An Australian man has agreed to plead guilty after he used Facebook to make sexual threats.

PARK CITY, UT - JANUARY 22:  Tinder on display at the Billboard Winterfest at Park City Live! on January 22, 2016 in Park City, Utah.  (Photo by Mat Hayward/Getty Images for Billboard)
PARK CITY, UT - JANUARY 22: Tinder on display at the Billboard Winterfest at Park City Live! on January 22, 2016 in Park City, Utah. (Photo by Mat Hayward/Getty Images for Billboard)

Last August, Zach Alchin was scrolling through Facebook when he came across a photo his friend Chris Hall had shared of a woman’s Tinder profile. It showed a smiling 23-year-old named Olivia, accompanied by a quote from a popular Nicki Minaj and Drake song, “Type of girl that will suck you dry and then eat lunch with you.”

Hall posted the screenshot of the profile with the caption “Stay classy, ladies.
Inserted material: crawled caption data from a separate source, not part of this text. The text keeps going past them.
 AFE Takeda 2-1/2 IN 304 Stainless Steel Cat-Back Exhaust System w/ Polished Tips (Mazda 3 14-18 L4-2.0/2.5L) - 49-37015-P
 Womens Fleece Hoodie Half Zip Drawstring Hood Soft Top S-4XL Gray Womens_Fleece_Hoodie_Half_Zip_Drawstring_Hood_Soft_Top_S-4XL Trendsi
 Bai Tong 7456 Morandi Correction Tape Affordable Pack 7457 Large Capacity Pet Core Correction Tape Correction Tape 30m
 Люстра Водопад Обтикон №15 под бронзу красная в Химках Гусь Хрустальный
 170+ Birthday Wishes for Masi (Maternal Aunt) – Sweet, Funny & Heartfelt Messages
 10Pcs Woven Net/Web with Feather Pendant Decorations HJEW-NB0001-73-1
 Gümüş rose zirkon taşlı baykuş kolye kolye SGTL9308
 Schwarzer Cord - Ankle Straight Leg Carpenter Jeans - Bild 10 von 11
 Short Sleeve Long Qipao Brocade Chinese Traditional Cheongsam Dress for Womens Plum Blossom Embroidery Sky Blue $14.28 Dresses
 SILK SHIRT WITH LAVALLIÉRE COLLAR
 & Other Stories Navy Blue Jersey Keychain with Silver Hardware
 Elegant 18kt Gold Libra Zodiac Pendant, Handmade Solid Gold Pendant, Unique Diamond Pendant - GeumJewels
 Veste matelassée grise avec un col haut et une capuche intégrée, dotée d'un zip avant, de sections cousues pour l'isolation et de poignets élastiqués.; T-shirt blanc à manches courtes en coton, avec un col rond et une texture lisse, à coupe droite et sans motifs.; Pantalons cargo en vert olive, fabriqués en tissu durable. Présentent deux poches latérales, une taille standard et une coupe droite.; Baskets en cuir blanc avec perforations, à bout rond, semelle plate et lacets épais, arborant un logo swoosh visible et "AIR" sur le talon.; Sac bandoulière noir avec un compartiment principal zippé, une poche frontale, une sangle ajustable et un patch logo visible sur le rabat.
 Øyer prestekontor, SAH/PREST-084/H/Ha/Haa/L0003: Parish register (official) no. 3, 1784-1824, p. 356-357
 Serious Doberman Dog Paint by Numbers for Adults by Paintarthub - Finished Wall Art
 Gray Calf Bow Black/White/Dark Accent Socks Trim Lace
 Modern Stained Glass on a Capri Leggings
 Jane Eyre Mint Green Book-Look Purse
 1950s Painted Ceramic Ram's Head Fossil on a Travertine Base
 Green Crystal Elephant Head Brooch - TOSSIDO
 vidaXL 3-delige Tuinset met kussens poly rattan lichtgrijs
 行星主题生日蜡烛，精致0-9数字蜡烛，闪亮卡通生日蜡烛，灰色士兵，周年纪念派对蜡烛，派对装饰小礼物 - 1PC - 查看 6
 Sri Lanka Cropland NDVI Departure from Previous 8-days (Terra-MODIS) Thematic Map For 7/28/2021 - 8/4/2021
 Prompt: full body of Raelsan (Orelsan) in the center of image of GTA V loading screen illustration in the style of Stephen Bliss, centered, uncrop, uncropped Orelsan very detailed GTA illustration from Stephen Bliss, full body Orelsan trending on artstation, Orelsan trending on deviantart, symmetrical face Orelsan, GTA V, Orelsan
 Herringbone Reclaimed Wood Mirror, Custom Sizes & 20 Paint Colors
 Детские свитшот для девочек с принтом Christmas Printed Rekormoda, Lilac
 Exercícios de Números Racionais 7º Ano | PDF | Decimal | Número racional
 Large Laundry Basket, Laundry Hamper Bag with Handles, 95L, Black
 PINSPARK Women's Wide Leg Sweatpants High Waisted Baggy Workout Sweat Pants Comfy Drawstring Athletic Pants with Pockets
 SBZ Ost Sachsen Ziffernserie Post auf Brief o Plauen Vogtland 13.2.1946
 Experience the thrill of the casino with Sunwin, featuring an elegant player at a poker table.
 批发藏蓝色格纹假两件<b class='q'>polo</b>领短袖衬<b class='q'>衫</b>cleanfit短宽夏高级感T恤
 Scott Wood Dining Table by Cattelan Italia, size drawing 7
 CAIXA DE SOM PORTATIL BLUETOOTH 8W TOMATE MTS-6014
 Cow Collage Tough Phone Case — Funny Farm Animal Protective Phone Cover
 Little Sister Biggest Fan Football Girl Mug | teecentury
Surprised she’d still be hungry for lunch.” The profile belonged to Olivia Melville, whose friends found Hall’s screenshot and came to her defense. That’s when Alchin chimed in, leaving 50 more comments on the photo, threatening feminists with rape, and claiming women should “never have been given rights.”

“The best thing about a feminist [is] they don’t get action so when you rape them it feels 100 times tighter,” he wrote. When one of Melville’s friends warned that she would contact the police if he didn’t stop, he asked “What law am I breaking? I’m not the one out of the fucking kitchen.”

Turns out he was likely breaking a decades-old law banning the use of a “carriage service to menace, harass or cause offense.” And despite initially pleading innocent, his lawyer informed a Sydney court on Monday that Alchin will change his plea to guilty for threatening sexual violence online.

He will be sentenced in July, and faces up to three years in prison.

According to court papers, after he was arrested, Alchin told police that he was responding to a “group of feminists that were harassing me and my friends.” He also claimed he was drunk when he made the comments and was not aware he was violating Australian law. Hall is not facing any charges for sharing the photo, but reportedly lost his job for breaching his company’s social media regulations. 

After the incident, Melville and her friend Paloma Brierly Newton — who initially contacted the police to report Alchin for harassment — launched a Facebook group called Sexual Violence Won’t Be Silenced. On Monday, the group said Alchin’s decision to plead guilty “sends a message to all women that they don’t have to put up with harassment online; that there are steps and channels they can take, and that Australian law is on their side.”

The case is the first time in Australian history that the law has been tied to online harassment. It previously has only been used in cases related to harassment via text message and telephone.

“This case will be the first of its kind and will represent a landmark victory for opponents of online harassment,” Newton said in a statement Monday. “We will no longer be silenced.”